En la línea del frente se ha visto un híbrido de ZU-23 y MT-LB. La unidad antiaérea de calibre 23 instalada en un transportador ligero multiuso de orugas ("motolyga") permite atacar eficazmente objetivos aéreos a baja altura y objetivos terrestres a corta distancia.
El ZU-23 en la base de la "Motolyga" permite avanzar rápidamente a las posiciones. El fuego contra los objetivos es dirigido por una tripulación de combate de cuatro personas. La velocidad de disparo del cañón antiaéreo es de 1000 proyectiles de calibre 23 por minuto.
Cuando se detecta un UAV desde el punto de observación aérea, los datos se transmiten por radio. Dos militares se sientan en el arma para disparar, uno cubre al grupo, vigilando el cielo.
El alcance de disparo del ZU-23 es de hasta 2,5 mil metros.
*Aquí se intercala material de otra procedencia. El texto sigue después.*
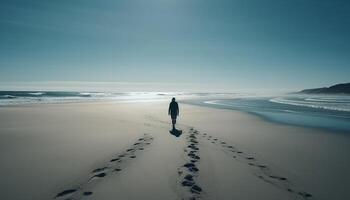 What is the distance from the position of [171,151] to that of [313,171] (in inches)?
180

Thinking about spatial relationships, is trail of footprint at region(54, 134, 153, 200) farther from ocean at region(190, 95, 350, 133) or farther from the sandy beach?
ocean at region(190, 95, 350, 133)

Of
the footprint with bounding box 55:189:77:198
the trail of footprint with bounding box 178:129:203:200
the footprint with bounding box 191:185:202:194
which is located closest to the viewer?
the footprint with bounding box 55:189:77:198

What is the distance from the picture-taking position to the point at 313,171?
300 inches

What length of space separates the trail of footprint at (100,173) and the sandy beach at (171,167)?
0.02 m

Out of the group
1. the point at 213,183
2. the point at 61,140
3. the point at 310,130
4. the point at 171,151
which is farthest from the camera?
the point at 310,130

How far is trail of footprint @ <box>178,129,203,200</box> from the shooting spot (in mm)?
5945

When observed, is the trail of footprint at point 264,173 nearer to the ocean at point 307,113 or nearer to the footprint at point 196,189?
the footprint at point 196,189

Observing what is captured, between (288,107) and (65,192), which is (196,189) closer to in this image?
(65,192)

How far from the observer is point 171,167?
7.79 meters

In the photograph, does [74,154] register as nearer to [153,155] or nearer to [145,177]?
[153,155]

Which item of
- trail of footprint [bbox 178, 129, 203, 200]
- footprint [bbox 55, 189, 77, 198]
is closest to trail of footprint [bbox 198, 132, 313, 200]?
trail of footprint [bbox 178, 129, 203, 200]

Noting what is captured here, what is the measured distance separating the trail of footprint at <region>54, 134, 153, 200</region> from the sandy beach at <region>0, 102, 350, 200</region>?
2 cm

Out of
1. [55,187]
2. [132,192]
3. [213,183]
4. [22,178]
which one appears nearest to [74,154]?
[22,178]

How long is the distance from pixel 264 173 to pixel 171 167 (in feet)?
8.47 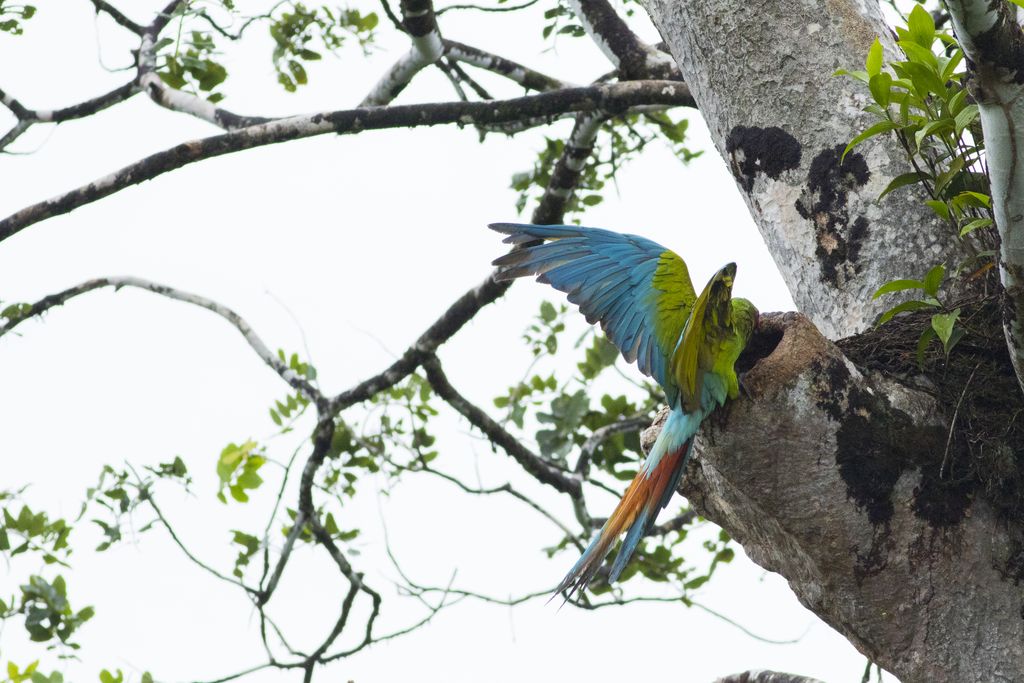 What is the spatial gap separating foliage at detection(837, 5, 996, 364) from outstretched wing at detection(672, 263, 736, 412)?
0.96ft

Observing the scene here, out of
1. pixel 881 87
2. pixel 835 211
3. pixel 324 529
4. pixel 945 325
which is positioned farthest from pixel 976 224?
pixel 324 529

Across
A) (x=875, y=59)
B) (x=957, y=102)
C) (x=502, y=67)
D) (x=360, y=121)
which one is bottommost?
(x=957, y=102)

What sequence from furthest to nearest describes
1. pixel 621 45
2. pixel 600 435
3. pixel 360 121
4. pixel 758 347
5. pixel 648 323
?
1. pixel 600 435
2. pixel 621 45
3. pixel 360 121
4. pixel 648 323
5. pixel 758 347

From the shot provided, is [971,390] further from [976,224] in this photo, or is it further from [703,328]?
[703,328]

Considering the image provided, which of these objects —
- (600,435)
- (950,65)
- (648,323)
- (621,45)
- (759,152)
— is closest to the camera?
(950,65)

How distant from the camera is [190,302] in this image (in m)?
4.33

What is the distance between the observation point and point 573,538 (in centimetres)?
430

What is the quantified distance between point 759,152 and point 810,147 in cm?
12

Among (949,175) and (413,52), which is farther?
(413,52)

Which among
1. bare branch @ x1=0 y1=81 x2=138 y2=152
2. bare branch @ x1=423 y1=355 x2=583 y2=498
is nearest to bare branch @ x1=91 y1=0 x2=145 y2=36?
bare branch @ x1=0 y1=81 x2=138 y2=152

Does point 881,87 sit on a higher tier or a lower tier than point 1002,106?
higher

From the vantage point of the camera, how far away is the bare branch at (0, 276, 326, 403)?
4008mm

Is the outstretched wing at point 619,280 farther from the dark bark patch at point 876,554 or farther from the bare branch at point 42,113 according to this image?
the bare branch at point 42,113

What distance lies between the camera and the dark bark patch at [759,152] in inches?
98.7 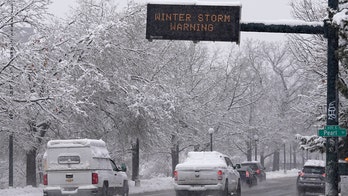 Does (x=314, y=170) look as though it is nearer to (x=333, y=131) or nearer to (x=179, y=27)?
(x=333, y=131)

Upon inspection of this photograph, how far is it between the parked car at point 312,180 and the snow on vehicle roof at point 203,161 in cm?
672

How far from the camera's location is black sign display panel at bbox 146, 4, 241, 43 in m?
15.8

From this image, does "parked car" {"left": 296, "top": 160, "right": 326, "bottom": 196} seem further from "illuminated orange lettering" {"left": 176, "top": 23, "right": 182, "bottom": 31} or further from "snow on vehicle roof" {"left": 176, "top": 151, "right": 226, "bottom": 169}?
"illuminated orange lettering" {"left": 176, "top": 23, "right": 182, "bottom": 31}

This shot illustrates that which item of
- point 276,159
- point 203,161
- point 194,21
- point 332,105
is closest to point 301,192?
point 203,161

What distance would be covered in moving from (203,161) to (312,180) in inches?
311

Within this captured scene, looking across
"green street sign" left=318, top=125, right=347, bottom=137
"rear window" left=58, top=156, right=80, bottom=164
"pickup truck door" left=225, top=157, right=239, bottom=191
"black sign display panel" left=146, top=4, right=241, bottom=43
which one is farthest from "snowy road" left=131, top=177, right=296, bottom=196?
"black sign display panel" left=146, top=4, right=241, bottom=43

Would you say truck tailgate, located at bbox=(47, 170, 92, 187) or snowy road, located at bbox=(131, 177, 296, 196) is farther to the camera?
snowy road, located at bbox=(131, 177, 296, 196)

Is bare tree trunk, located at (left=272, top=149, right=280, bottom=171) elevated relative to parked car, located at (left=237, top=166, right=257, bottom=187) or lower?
lower

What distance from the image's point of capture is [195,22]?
15.9 m

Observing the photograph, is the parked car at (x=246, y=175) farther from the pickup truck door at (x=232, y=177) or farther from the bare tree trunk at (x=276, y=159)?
the bare tree trunk at (x=276, y=159)

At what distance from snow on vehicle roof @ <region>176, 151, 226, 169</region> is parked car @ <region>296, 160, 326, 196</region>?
6718 mm

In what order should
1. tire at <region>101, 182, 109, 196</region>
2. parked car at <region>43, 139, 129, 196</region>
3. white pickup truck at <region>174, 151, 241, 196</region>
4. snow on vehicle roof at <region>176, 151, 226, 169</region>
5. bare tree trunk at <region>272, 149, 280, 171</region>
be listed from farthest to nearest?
bare tree trunk at <region>272, 149, 280, 171</region> < snow on vehicle roof at <region>176, 151, 226, 169</region> < white pickup truck at <region>174, 151, 241, 196</region> < tire at <region>101, 182, 109, 196</region> < parked car at <region>43, 139, 129, 196</region>

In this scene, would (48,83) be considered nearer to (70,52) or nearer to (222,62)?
(70,52)

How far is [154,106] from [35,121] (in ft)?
20.6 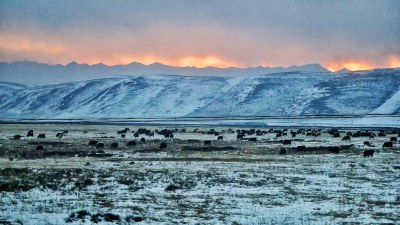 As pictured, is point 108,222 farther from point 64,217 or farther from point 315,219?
point 315,219

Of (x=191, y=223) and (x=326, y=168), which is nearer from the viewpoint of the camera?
(x=191, y=223)

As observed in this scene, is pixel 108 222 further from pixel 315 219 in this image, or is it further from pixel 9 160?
pixel 9 160

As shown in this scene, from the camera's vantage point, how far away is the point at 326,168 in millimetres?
32000

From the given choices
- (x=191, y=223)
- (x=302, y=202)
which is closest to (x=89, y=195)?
(x=191, y=223)

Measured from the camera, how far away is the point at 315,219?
16.9m

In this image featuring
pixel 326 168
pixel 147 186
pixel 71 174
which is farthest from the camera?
pixel 326 168

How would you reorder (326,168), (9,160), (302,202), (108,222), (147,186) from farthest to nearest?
(9,160)
(326,168)
(147,186)
(302,202)
(108,222)

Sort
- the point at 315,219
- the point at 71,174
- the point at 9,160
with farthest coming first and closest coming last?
the point at 9,160 → the point at 71,174 → the point at 315,219

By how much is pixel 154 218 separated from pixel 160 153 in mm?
26604

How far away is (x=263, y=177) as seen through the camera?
2708 cm

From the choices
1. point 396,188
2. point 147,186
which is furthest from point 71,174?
point 396,188

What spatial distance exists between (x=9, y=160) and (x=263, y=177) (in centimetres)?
1873

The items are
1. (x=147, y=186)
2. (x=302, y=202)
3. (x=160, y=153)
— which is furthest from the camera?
(x=160, y=153)

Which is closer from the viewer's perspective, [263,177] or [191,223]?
[191,223]
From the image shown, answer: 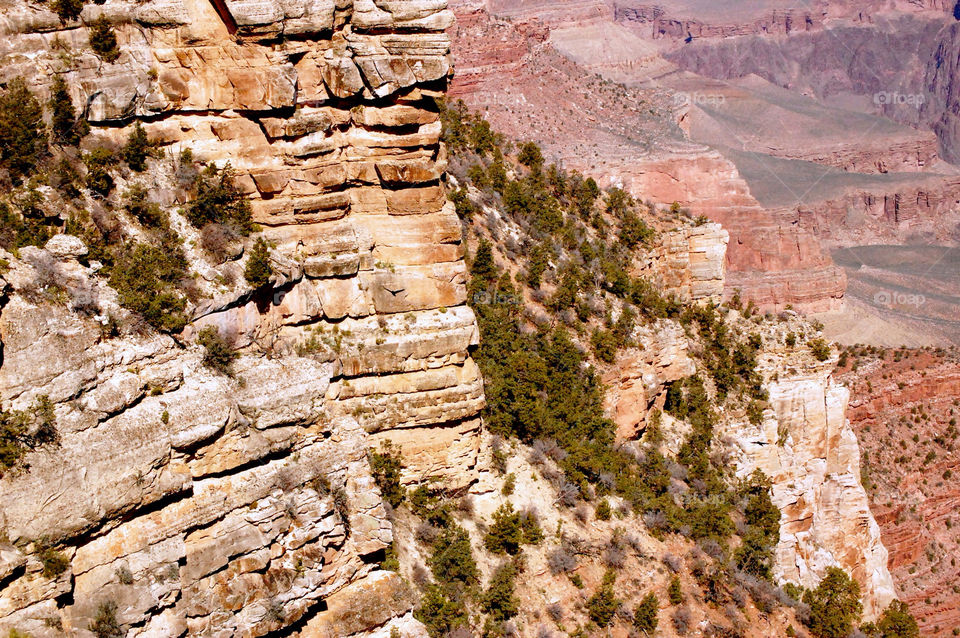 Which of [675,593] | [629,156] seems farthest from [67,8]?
[629,156]

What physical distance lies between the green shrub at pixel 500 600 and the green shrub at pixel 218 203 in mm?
10042

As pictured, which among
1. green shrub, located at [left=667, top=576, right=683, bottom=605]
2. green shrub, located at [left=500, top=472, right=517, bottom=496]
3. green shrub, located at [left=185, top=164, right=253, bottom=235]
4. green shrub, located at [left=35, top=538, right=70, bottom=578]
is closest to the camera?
green shrub, located at [left=35, top=538, right=70, bottom=578]

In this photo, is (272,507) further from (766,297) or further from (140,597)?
(766,297)

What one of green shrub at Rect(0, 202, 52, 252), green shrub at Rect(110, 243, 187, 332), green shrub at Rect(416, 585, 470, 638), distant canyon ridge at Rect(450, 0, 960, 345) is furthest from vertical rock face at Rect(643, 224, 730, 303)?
distant canyon ridge at Rect(450, 0, 960, 345)

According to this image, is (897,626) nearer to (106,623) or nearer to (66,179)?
(106,623)

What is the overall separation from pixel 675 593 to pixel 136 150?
17.6 m

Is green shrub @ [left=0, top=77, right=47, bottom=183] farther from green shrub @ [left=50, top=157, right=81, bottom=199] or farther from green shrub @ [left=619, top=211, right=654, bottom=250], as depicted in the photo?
green shrub @ [left=619, top=211, right=654, bottom=250]

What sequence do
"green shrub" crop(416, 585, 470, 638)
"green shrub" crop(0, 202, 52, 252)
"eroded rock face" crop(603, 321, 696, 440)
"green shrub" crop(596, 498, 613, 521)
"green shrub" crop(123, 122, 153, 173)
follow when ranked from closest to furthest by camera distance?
"green shrub" crop(0, 202, 52, 252)
"green shrub" crop(123, 122, 153, 173)
"green shrub" crop(416, 585, 470, 638)
"green shrub" crop(596, 498, 613, 521)
"eroded rock face" crop(603, 321, 696, 440)

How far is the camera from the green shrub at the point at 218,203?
789 inches

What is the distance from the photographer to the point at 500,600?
2339cm

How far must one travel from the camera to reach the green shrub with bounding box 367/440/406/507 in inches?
901

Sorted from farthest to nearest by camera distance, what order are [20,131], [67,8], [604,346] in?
[604,346], [67,8], [20,131]

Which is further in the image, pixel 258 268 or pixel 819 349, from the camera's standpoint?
pixel 819 349

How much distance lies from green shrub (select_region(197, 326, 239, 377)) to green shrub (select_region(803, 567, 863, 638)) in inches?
801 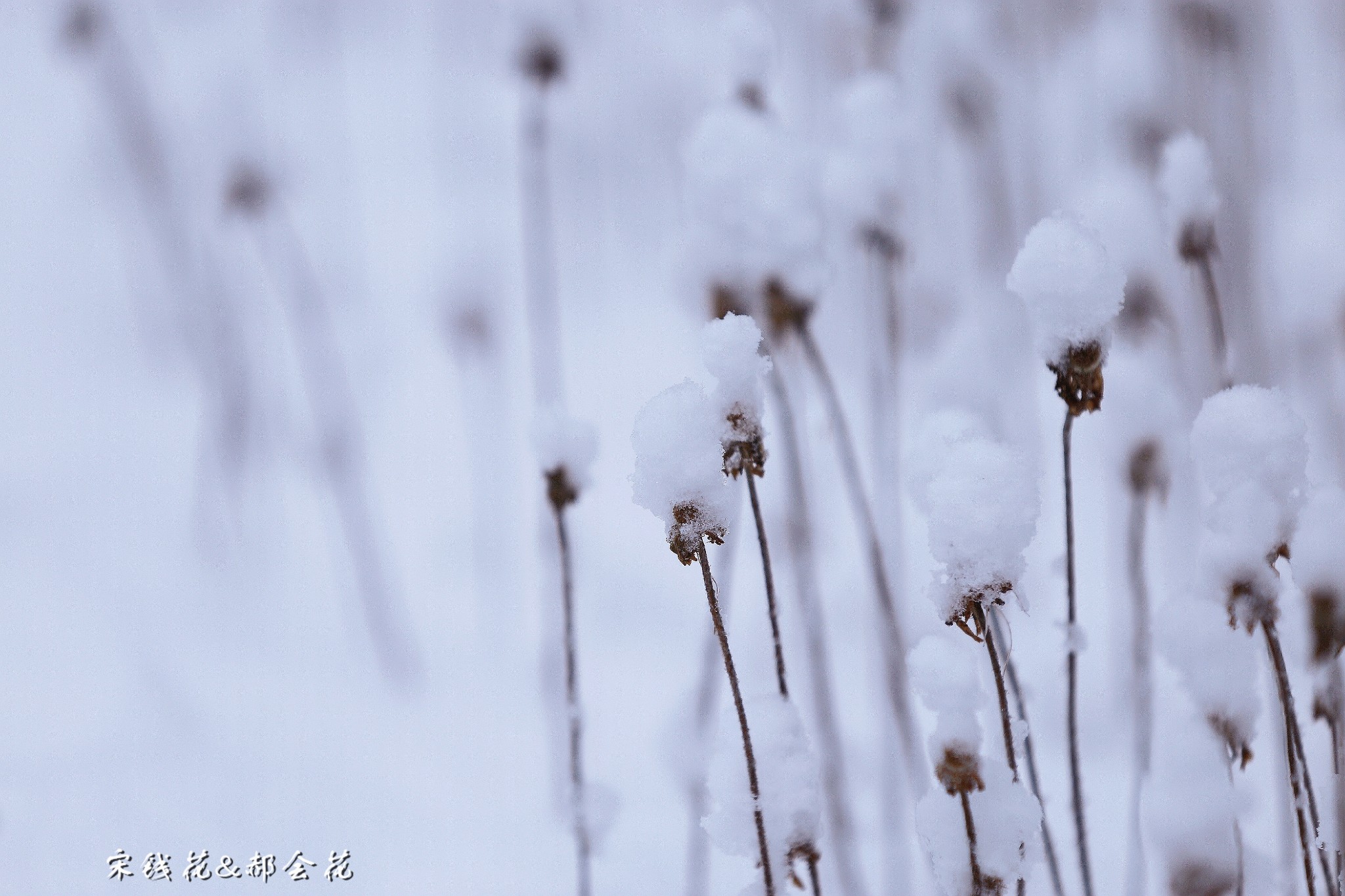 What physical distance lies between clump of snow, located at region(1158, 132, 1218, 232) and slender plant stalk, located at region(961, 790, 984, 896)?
0.45 metres

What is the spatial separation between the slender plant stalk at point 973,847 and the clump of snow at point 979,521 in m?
0.08

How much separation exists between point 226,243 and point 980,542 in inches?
73.7

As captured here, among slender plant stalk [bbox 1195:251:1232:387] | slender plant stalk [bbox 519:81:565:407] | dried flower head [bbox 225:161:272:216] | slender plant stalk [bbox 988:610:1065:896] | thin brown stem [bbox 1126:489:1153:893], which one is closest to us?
slender plant stalk [bbox 988:610:1065:896]

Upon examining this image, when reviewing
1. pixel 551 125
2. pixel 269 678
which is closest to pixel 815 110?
pixel 551 125

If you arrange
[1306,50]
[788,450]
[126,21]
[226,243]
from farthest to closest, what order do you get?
[1306,50], [126,21], [226,243], [788,450]

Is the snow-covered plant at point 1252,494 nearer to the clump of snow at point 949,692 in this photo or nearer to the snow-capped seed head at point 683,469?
the clump of snow at point 949,692

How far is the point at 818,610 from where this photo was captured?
84 cm

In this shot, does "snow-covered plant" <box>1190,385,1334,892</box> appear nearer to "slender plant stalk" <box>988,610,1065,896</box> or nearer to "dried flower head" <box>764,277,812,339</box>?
"slender plant stalk" <box>988,610,1065,896</box>

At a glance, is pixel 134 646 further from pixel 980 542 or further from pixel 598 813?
pixel 980 542

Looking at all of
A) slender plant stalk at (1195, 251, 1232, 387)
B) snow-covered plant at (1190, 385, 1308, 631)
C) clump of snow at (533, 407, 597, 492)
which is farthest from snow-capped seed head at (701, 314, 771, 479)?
slender plant stalk at (1195, 251, 1232, 387)

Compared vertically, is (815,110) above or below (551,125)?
below

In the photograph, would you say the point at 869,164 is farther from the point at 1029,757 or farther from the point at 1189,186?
the point at 1029,757

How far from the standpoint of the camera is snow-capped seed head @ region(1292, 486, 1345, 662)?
44cm

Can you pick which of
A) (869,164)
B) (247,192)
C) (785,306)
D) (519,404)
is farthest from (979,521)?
(519,404) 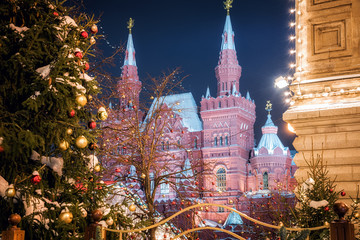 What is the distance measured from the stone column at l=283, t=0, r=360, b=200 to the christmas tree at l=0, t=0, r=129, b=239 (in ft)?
11.3

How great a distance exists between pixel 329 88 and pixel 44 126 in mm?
4499

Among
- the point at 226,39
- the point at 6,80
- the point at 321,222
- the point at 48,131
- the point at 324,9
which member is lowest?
the point at 321,222

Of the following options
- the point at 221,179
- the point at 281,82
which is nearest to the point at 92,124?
the point at 281,82

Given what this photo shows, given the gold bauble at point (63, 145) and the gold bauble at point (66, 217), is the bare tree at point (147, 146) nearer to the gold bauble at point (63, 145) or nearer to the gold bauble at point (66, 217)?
the gold bauble at point (63, 145)

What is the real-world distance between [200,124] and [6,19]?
41663mm

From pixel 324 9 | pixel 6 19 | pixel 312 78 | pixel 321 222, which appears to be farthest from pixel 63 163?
pixel 324 9

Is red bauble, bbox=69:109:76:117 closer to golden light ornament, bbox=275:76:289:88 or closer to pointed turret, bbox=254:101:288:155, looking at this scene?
golden light ornament, bbox=275:76:289:88

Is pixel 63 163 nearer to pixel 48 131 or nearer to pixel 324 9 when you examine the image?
pixel 48 131

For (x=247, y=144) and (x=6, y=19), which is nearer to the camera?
(x=6, y=19)

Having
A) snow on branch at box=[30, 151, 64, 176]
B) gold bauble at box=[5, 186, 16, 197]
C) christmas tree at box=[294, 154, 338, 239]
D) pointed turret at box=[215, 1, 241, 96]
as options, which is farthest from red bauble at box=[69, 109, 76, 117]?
pointed turret at box=[215, 1, 241, 96]

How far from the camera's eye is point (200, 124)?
45875mm

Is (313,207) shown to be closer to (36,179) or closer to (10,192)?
(36,179)

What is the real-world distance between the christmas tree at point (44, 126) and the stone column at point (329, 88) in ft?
11.3

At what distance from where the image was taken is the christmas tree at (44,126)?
12.6 feet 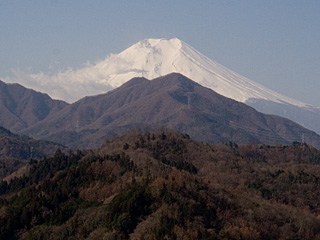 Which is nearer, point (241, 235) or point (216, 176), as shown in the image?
point (241, 235)

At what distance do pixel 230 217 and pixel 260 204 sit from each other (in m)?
5.22

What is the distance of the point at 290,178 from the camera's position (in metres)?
64.2

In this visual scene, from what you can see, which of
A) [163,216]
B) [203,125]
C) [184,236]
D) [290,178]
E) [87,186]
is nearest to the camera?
[184,236]

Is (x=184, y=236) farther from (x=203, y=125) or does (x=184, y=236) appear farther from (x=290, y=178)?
(x=203, y=125)

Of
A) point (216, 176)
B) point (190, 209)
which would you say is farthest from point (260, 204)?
point (216, 176)

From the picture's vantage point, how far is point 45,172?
65.9 metres

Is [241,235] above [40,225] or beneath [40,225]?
above

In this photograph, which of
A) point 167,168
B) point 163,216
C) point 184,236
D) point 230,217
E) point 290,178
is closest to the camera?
point 184,236

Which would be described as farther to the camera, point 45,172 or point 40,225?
point 45,172

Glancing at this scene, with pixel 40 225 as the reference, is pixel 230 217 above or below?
above

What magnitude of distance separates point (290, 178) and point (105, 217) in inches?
1256

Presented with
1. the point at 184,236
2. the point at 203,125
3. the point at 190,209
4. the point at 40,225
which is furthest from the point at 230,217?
the point at 203,125

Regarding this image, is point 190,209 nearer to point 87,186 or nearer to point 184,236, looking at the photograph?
point 184,236

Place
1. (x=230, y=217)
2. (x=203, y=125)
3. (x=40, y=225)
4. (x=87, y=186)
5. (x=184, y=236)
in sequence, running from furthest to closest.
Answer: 1. (x=203, y=125)
2. (x=87, y=186)
3. (x=40, y=225)
4. (x=230, y=217)
5. (x=184, y=236) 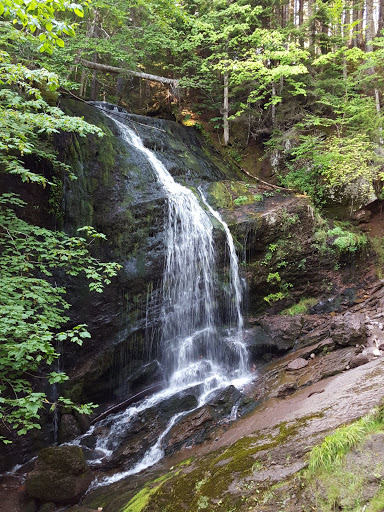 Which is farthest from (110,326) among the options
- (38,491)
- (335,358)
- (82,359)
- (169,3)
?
(169,3)

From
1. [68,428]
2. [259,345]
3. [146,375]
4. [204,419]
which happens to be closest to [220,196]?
[259,345]

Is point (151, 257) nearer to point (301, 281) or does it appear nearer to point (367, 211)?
point (301, 281)

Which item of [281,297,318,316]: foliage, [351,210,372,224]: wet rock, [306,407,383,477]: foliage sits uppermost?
[351,210,372,224]: wet rock

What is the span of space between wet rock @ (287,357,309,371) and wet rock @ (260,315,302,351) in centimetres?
133

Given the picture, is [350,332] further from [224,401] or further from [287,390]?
[224,401]

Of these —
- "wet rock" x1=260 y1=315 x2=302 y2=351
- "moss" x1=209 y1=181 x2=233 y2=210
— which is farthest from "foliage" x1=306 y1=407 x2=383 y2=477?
"moss" x1=209 y1=181 x2=233 y2=210

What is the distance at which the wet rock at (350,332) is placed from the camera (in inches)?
269

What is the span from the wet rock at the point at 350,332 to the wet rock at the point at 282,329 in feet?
4.87

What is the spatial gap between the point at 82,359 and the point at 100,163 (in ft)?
17.7

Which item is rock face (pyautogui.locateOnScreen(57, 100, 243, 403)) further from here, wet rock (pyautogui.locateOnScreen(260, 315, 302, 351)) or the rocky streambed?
wet rock (pyautogui.locateOnScreen(260, 315, 302, 351))

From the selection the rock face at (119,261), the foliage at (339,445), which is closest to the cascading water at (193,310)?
the rock face at (119,261)

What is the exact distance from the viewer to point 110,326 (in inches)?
310

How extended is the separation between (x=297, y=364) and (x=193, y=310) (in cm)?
321

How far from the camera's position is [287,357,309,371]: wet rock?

Esto permite atacar todos los objetivos que vuelan a baja altura: drones, aviones, helicópteros.
El ZU-23, maniobrable y ligero, según los militares, también se utiliza con éxito contra oponentes terrestres y puntos de fuego a corta distancia, cuando los grandes complejos de defensa aérea no son eficaces.
La unidad antiaérea puede incluso proteger a los mismos operadores de defensa aérea, a los grandes complejos.
Recordemos que la propia unidad antiaérea quieren hacerla "inteligente". Los ingenieros de la planta electromecánica de Kizlyar (que forma parte de Rostec) la están entrenando para luchar contra los drones a control remoto.
Anteriormente, www1.ru contaba cómo los militares enseñaron a la "motolyga" a disparar misiles aéreos S-5.